Post by Saul Shanabrook

Recently I have been working on some stage lighting control softeware, written in Go. In my tests, I spin up a websocket TCP server plus some workers that output lighting levels continously. I want to not only test to make sure that those parts work, but they also are stopped properly, after the test is over.

To deal with cancelation, I am using the awesome golang.org/x/net/context library. It has a couple of nice features, but here I am only using the context.WithCancel function to get a cancel function, that I use after testing to cleanup.

Using GoConvey for testing, the setup would look something like this:

package main

import (  
    "net/http"
    "testing"
    "time"

    "golang.org/x/net/context"

    "github.com/lucibus/subicul/testutils"
)


func TestServer(t *testing.T) {  
    Convey("when i start the server", t, func() {
        port := 9001
        ctx, cancelF := context.WithCancel(context.Background())
        err := MakeStateServer(ctx, port)
        So(err, ShouldBeNil)

        url := fmt.Sprintf("ws://localhost:%v/", port)
        d := websocket.Dialer{}     

        Convey("I should be able to connect", func() {
            conn, _, err := d.Dial(url, http.Header{})
            So(err, ShouldBeNil)
            conn.Close()
        })

        Reset(func() {
            cancelF()
            time.Sleep(time.Millisecond)
            So("subicul", ShouldNotBeRunningGoroutines)
        })

    })
}

Here is the interesting function, ShouldNotBeRunningGoroutines:

package main

import (  
    "bufio"
    "bytes"
    "runtime/pprof"
    "strings"
)

// ShouldNotBeRunningGoroutines takes in the name of the current module as
// `actual` and returns a blank string if no other goroutines are running
// in that module, besides testing gorutines.
// If there are other goroutines running, it will output the full stacktrace.
// It does this by parsing the full stack trace of all currently running
// goroutines and seeing if any of them are within this module and are not
// testing goroutines.
func ShouldNotBeRunningGoroutines(actual interface{}, _ ...interface{}) string {  
    // this function has to take an interface{} type so that you can use it with
    // GoConvey's `So(...)` function.
    module := actual.(string)

    var b bytes.Buffer
    // passes 1 as the debug parameter so there are function names and line numbers
    pprof.Lookup("goroutine").WriteTo(&b, 1)
    scanner := bufio.NewScanner(&b)
    // each line of this stack trace is one path in one goroutine that is running
    for scanner.Scan() {
        t := scanner.Text()
        // now we wanna check when this line we are looking at shows a goroutine
        // that is running a file in this module that is not a test or a dep
        runningInModule := strings.Contains(t, module)
        runningTest := strings.Contains(t, "test")
        runningExternal := strings.Contains(t, "Godeps") || strings.Contains(t, "vendor")
        runningOtherFileInModule := runningInModule && !runningTest && !runningExternal
        if runningOtherFileInModule {
            // if we find that it is in fact running another goroutine from this
            // package then output the full stacktrace, with debug level 2 to show
            // more information
            pprof.Lookup("goroutine").WriteTo(&b, 2)
            return "Was running other goroutine: " + t + "\n" + "\n" + b.String()
        }
    }
    return ""
}

As you can see, this is a pretty hacky/horrible way of checking whether we have any zombie goroutines left running. It just basically searches for a line in the whole stacktrace that points to a file in your module, that isn't a test file.

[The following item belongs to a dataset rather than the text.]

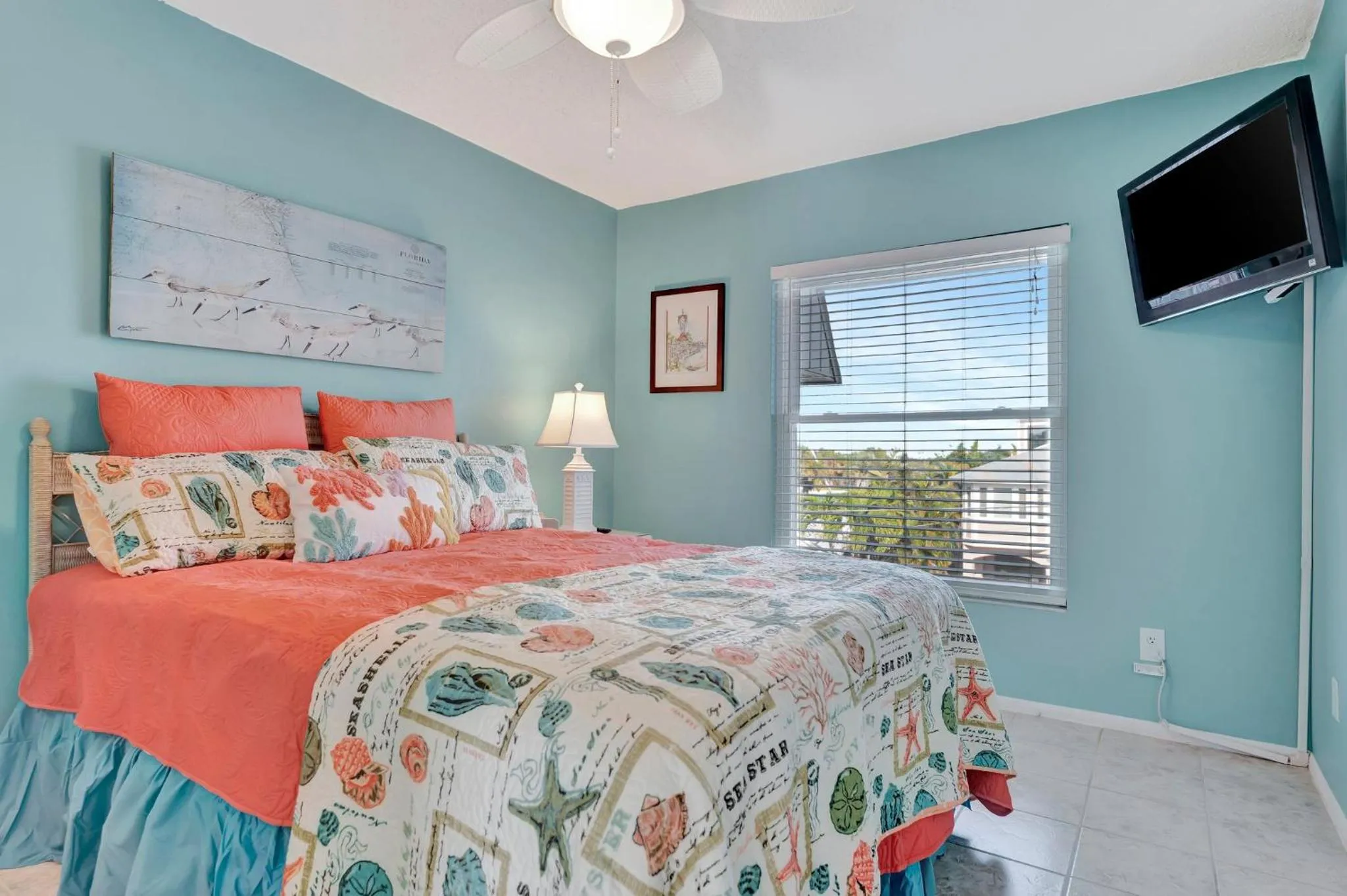 Bed in Coastal Cheer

At first I thought I could just check whether there were more than on goroutine running, because I assumed the test would use one goroutine, so if there were any other left over, after I cancelled, then I should assume it was my fault. However, I found that there were often multiple testing goroutines running at once.

Another options is just to not care if you leave any zombie goroutine around, since they don't use that much memory. I wanted to care, however, since some of my gourtines had had effects (opening up files or serial ports), so I wanted to make sure they died when I told them too.

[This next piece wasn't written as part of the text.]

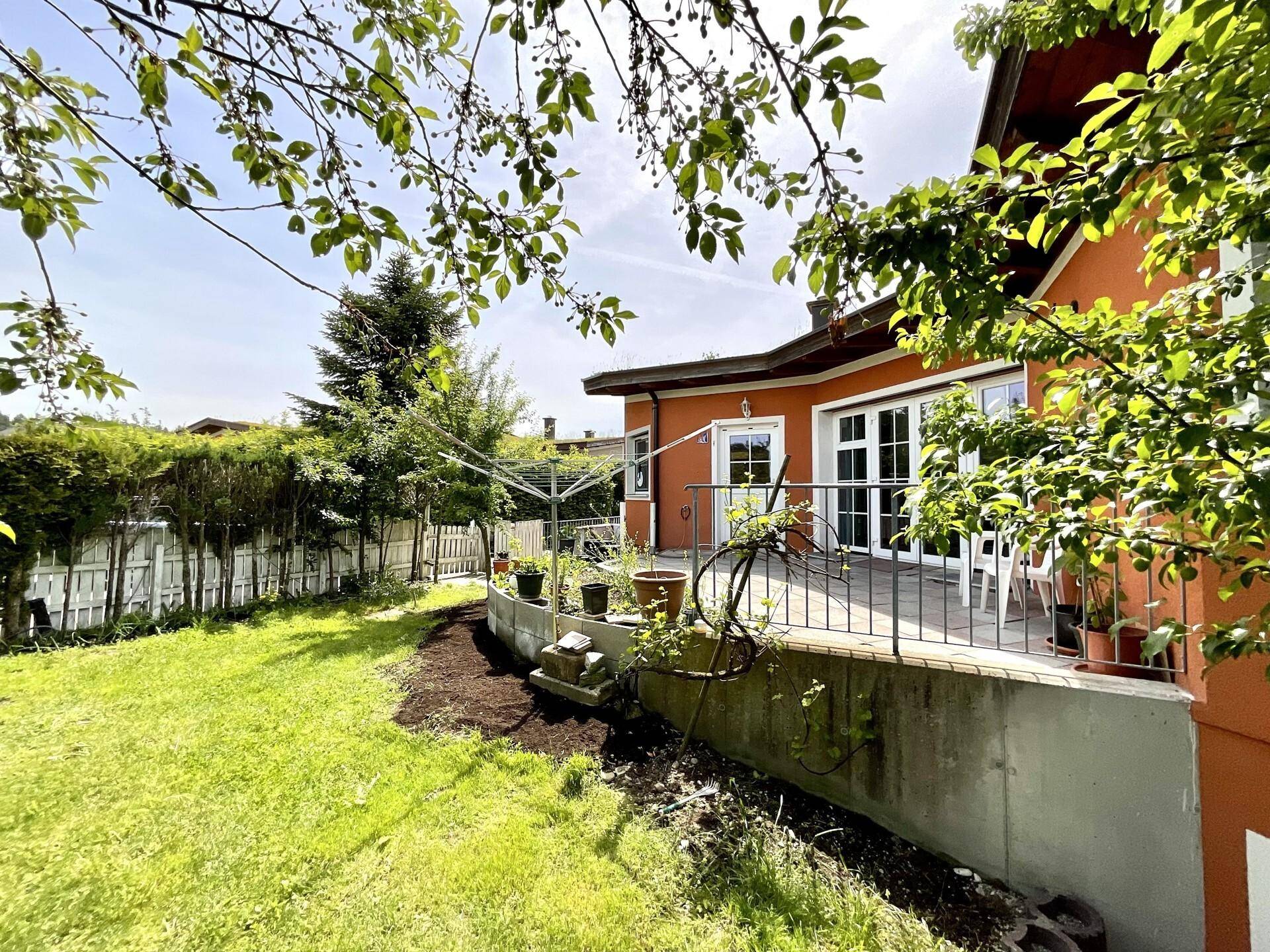 Fassade mit Garten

I am, however, very new at Go. So I am most likely thinking about this whole problem wrong. If you agree, please comment or let me know (@saulshanabrook) where my thinking has gone astray. I will also be at GopherCon this week and would love to talk.

This post was inspired by Peter Bourgon's great talk, which asked the Go community to talk more about their approaches to using the context package.